- [Task goal] In the data that follows, every line containing the word "exterior" should be returned.

- [Material for this task]
* * *

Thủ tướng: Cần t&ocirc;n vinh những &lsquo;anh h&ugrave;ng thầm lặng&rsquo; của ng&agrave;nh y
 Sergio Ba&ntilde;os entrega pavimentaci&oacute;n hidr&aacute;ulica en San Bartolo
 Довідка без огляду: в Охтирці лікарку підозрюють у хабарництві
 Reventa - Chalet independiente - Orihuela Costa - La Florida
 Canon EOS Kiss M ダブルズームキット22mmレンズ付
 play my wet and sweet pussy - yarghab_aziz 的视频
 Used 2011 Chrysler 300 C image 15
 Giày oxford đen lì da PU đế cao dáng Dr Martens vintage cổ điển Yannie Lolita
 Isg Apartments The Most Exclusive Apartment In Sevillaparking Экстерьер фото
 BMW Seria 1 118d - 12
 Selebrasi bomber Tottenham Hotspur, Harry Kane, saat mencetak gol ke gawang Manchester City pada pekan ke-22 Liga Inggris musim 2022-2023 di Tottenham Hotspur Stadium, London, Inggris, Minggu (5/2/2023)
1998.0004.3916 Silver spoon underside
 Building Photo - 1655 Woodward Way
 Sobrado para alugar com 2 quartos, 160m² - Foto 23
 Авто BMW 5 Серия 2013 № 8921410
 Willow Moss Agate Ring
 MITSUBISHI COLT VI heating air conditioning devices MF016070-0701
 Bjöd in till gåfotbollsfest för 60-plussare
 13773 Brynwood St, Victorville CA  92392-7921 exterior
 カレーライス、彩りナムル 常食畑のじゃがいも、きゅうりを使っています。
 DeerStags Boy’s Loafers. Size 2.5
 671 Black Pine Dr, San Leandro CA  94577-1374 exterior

* * *

- [Result of this task]
 13773 Brynwood St, Victorville CA  92392-7921 exterior
 671 Black Pine Dr, San Leandro CA  94577-1374 exterior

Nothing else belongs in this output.